Task objective >> For every line below, output the text exactly and leave out images.

------------

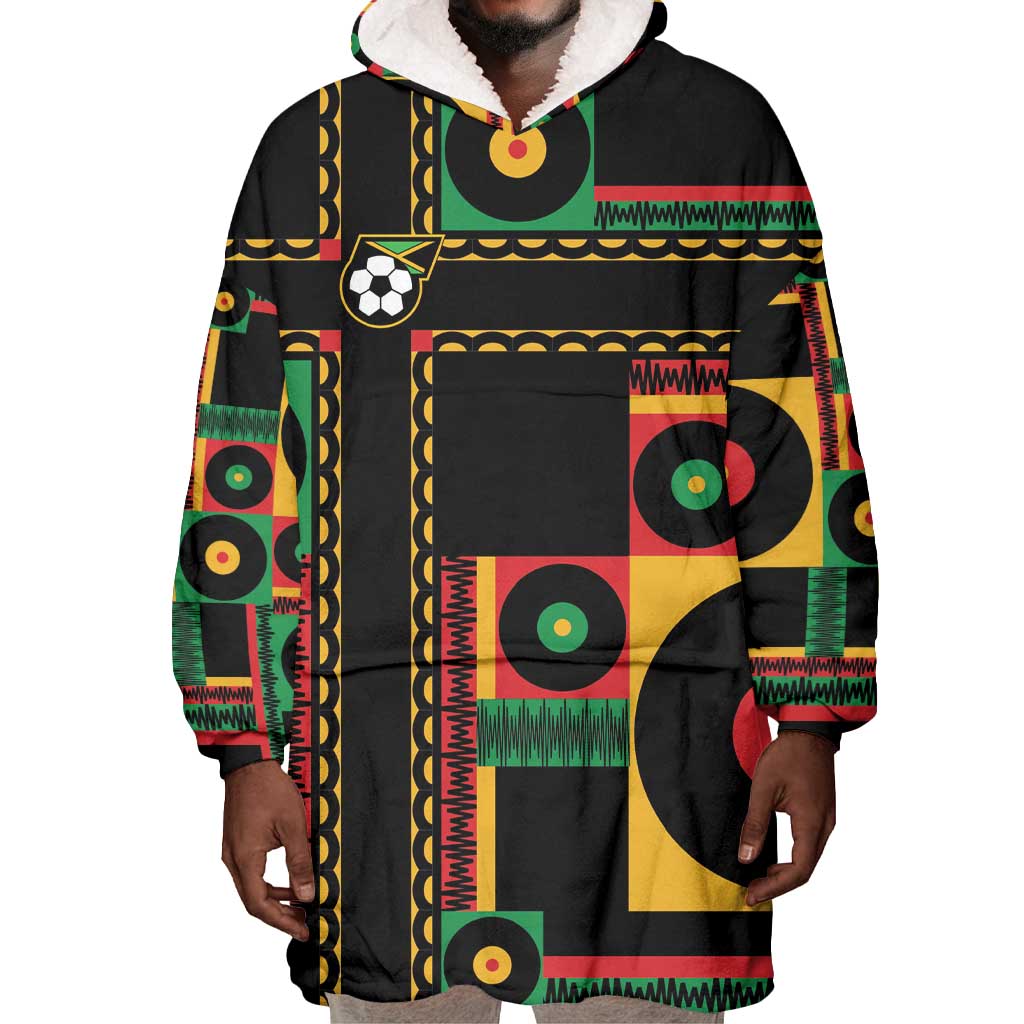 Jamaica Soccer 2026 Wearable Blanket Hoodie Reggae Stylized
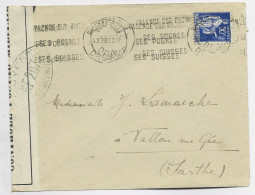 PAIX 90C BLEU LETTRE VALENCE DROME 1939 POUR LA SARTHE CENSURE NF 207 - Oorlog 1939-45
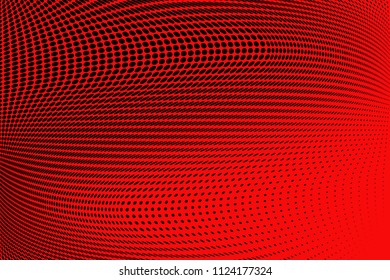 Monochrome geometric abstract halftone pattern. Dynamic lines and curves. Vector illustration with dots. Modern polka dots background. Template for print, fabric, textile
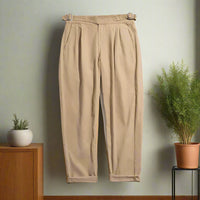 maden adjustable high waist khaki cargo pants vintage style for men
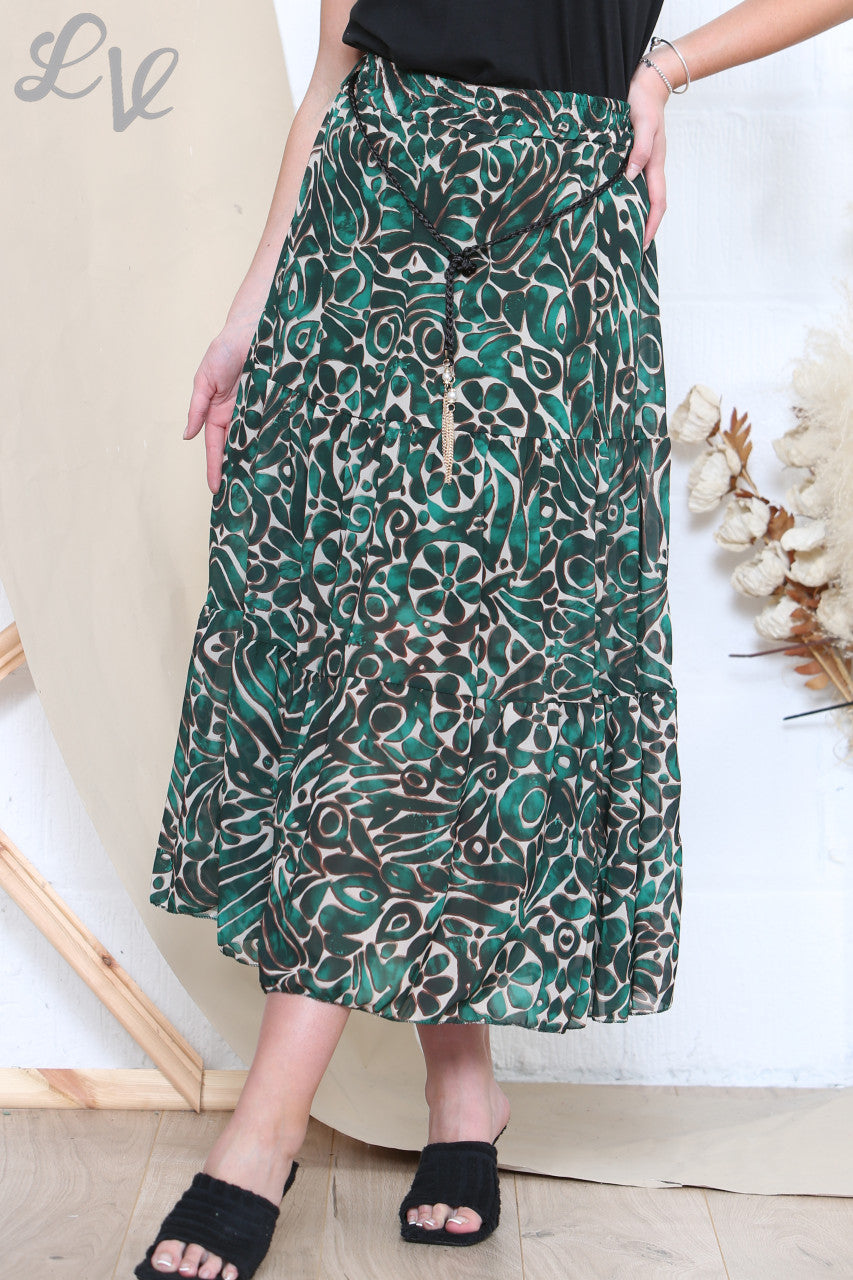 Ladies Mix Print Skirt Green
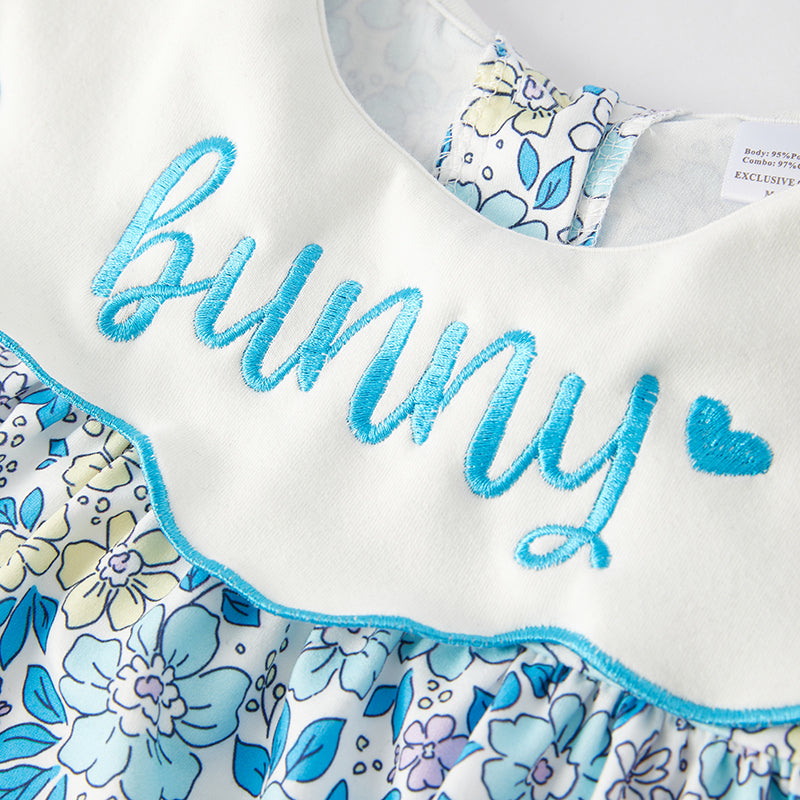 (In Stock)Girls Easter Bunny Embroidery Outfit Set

------------

Task output >>
 Jamaica Soccer 2026 Wearable Blanket Hoodie Reggae Stylized
 PAIX 90C BLEU LETTRE VALENCE DROME 1939 POUR LA SARTHE CENSURE NF 207 - Oorlog 1939-45
 Monochrome geometric abstract halftone pattern. Dynamic lines and curves. Vector illustration with dots. Modern polka dots background. Template for print, fabric, textile
 maden adjustable high waist khaki cargo pants vintage style for men
 Ladies Mix Print Skirt Green
 (In Stock)Girls Easter Bunny Embroidery Outfit Set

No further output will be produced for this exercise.